Clinch, — car c’était lui qui, parti du Foudroyant un peu avant six heures, et retournant à la Proserpine, longeait la côte pour tâcher d’y découvrir le lougre, — grommela tout bas en voyant qu’il fallait qu’il parlât une langue étrangère, s’il voulait continuer une pareille conversation, rassembla le peu d’italien qu’il savait pour s’en servir en cette occasion ; et comme il avait croisé longtemps dans cette mer, il en savait assez pour l’objet dont il s’agissait.

— Est-ce un bateau de Massa ou de Capri ? demanda-t-il.

— Ni l’un ni l’autre, répondit Raoul, — n’osant se fier à la conscience de Carlo pour continuer une pareille conversation ; nous venons de doubler ce cap, étant partis de Santa-Agata, et portant des figues à Naples.

— Santa-Agata ? Ah ! c’est le village sur ces hauteurs. J’y ai passé une nuit moi-même chez Maria Giuntotardi.

— Qui peut être-cet homme ? murmura Ghita, ma tante ne connaît aucun étranger.

— À son accent, c’est un Anglais, répondit Raoul. J’espère qu’il ne nous demandera pas de figues pour son souper.

Clinch était bien loin de songer à des figues en ce moment ; et quand il reprit la parole, ce fut pour suivre le cours de ses pensées.

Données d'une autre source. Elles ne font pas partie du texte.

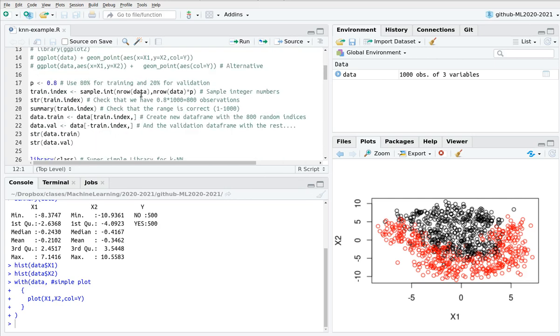So here we're going to split the dataset in two subsets. One is the training and the other one is the validation set.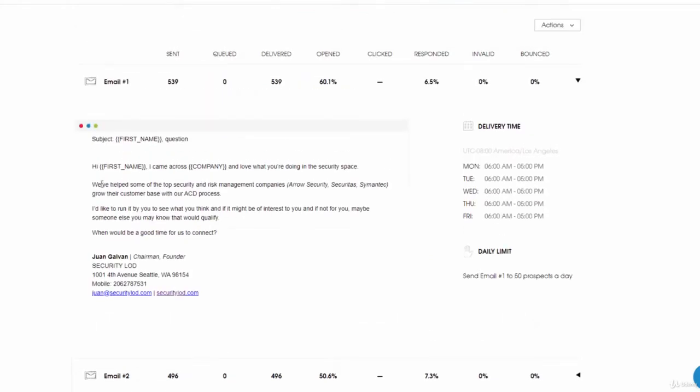The second line is: we've helped some of the top security and risk management companies. Here's a name dropping.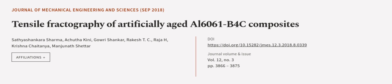This article was authored by Sathyashankara Sharma, Achyutha Kini, Gowri Shankar, and others.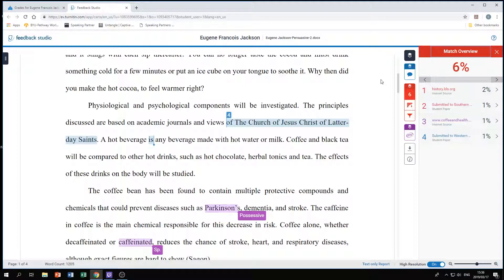If you have less than ten percent, it's generally well written and you're using your references and citations properly. If there are areas with sentences or structures flagged because it's a quote, make sure the citations are included. When writing a scientific article, a lot of the science terminology is the same, so just make sure you've attributed that information to the correct person.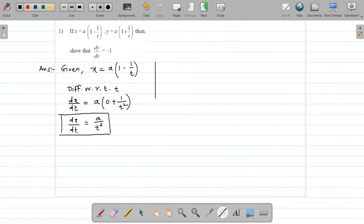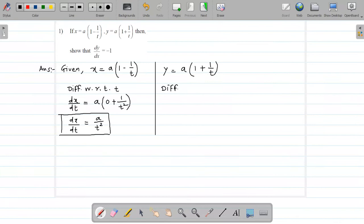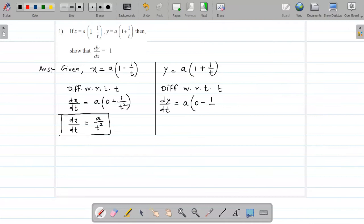Similarly, we will find the derivative of y. y is given as a into bracket 1 plus 1 upon t. Differentiate with respect to t. dy by dt is equal to — a is constant. In the bracket, derivative of 1 is 0, plus derivative of 1 upon t is minus 1 upon t square. That is why we get minus 1 upon t square, and hence we get dy by dt equal to minus a upon t square.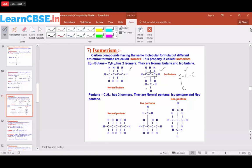The next compound is pentane, which has the formula C5H12, and it has three isomers. For the first isomer, we write all five carbon atoms in a straight chain: C single bond C single bond C single bond C single bond C. Substituting hydrogens according to tetravalency gives us C5 and H12.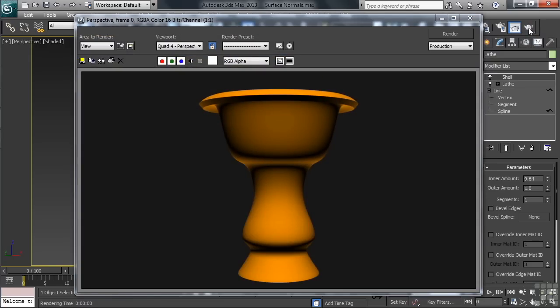So, that'll get you all squared away with having to deal with the issue of surface normals. Chances of the problem coming up, those missing faces, is pretty much a sure deal. So, remember the choices and the techniques that you can use to overcome the problem.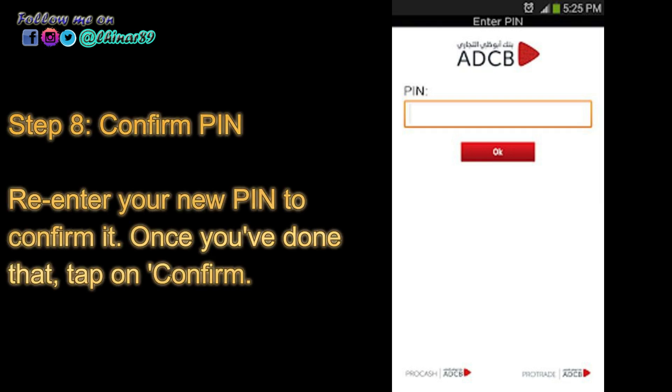Step 8: Confirm PIN. Re-enter your new PIN to confirm it. Once you've done that, tap on Confirm.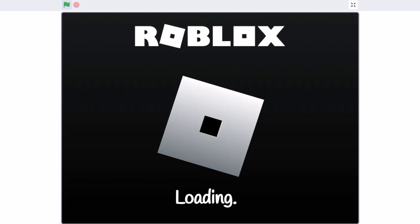Hello everyone, welcome back to my channel. In this video we will be creating Roblox Part 3 in Scratch 3.0.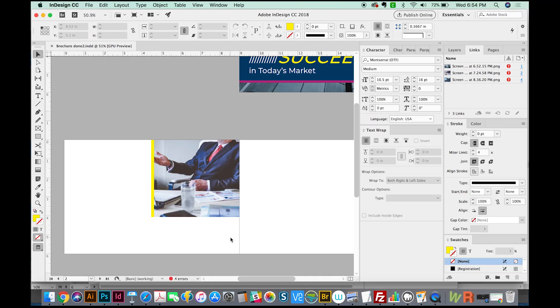Hi, this is Anne with Graphic Design How To, and today we're going to talk about a couple different things in InDesign.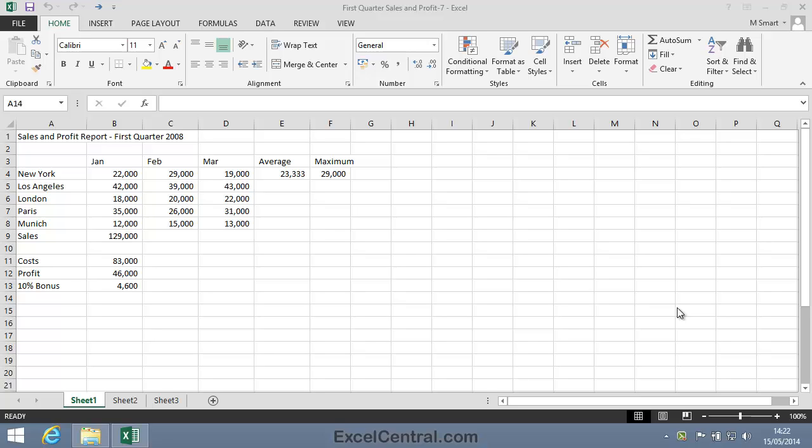For this lesson, you need to open the sample file First Quarter Sales and Profit 7 from your Sample Files folder.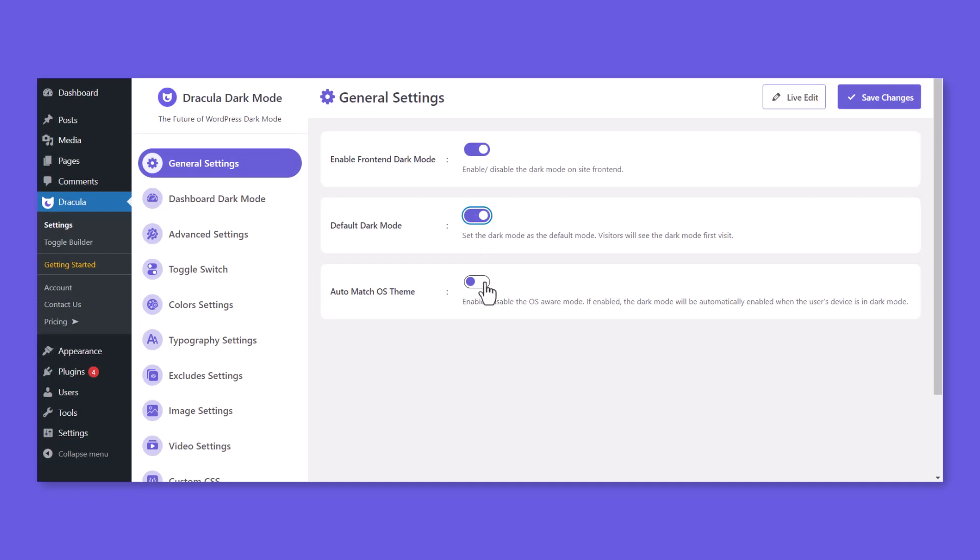Enable Auto-Match OS Theme to automatically enable the website's dark mode to match the dark mode settings on the user's device.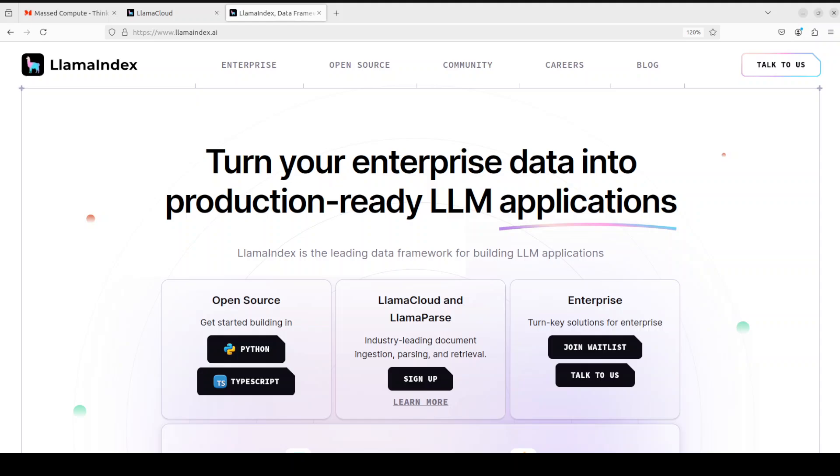If you want to extract business value out of AI, you need to do retrieval augmented generation. If you want your retrieval augmented generation to be successful, you need to pay close attention to the data which is stored in your enterprise. That is where RAG with Llama Index comes into play.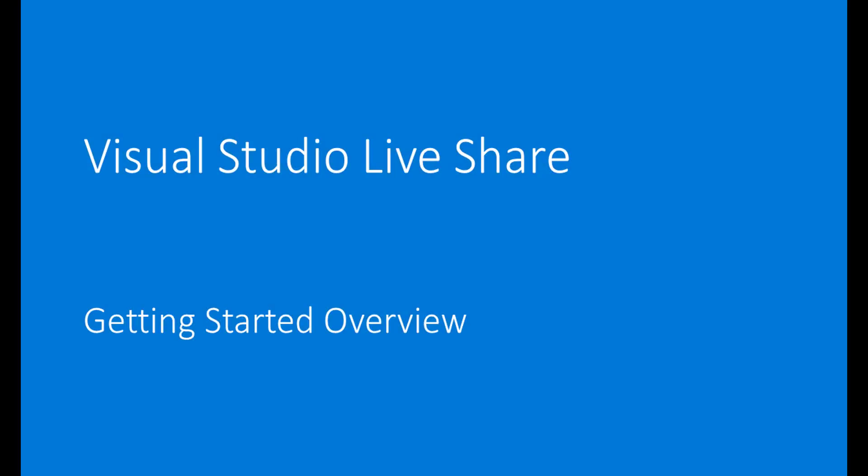Hi there, I'm John. And I'm Jonathan. And we're here from the Visual Studio Live Share team to give you a quick overview of VS Live Share, to walk you through getting started and collaborating with VS Live Share. Let's get started.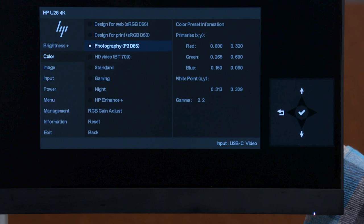Use this preset when working with wide gamut content in a program that supports wide gamut creation, such as Adobe Photoshop. HP does not recommend using this preset for standard computing work or web surfing, as the colors will be too saturated for the web and inaccurate.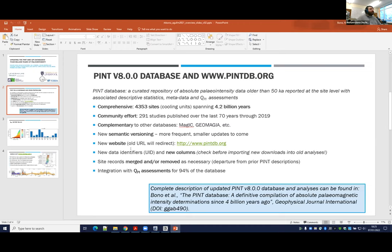If you have data that you think we missed, or you have a new paper you'd like to add, I am already starting to compile an update to capture the last couple of years. So it's a great time to email me or Andy or Greg or any of the co-authors and say, 'I've got this paper, you should include it if we missed it.'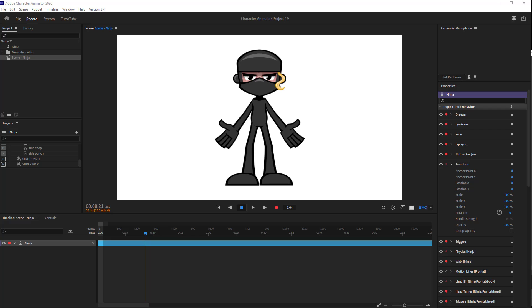Over here you can see that I have a character and what I want to do is stream it live.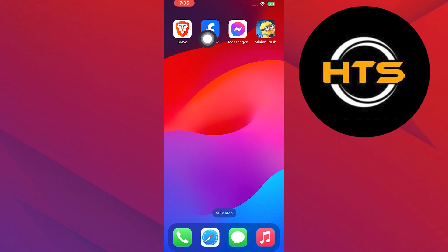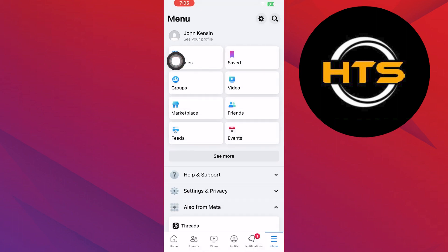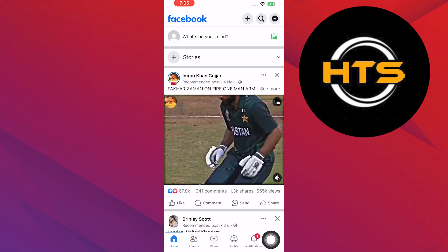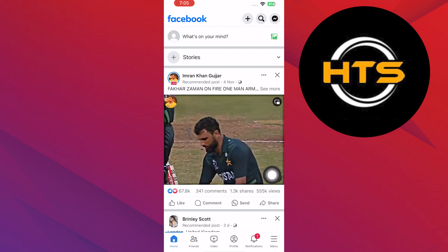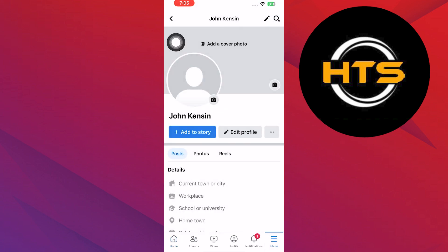First of all, you need to open up the Facebook application. Once you get into your Facebook app, tap on menu from the bottom right corner. Now from the menu, tap on profile options from the top bar. Then go into your profile from here.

— Avez-vous vu rôdant quelque part sur cette côte un lougre ayant l’air suspect, gréé à la française et ayant un équipage français ?

— Oui, Signor, nous l’avons vu se diriger vers le nord dans le golfe de Gaëte, à l’instant ou le soleil se couchait, et il est sans doute allé jeter l’ancre sous les canons de ses compatriotes.

— Si cela est, dit Clinch en, anglais entre ses dents, il y trouvera l’eau un peu chaude ; nous avons là assez de bâtiments pour l’embarquer, le dépecer, et, dans l’espace d’un-quart, en faire un joli canot. — Et avez-vous aperçu ce soir une frégate près de la pointe de Campanella ? continua-t-il en italien ; j’entends une frégate anglaise de trente-six canons, et ayant trois huniers tout neufs ?

— Oui, Signor. Le feu que vous voyez là-bas, juste en ligne avec Capri, est un fanal attaché à son grand mât. Nous l’avons vue toute la soirée, et elle a même eu la bonté de nous prendre à la remorque pour nous aider à doubler le cap et entrer dans cette baie.

— En ce cas, vous allez me donner les renseignements que je désire. — Y a-t-il eu un homme de pendu à bord de ce bâtiment au coucher du soleil ?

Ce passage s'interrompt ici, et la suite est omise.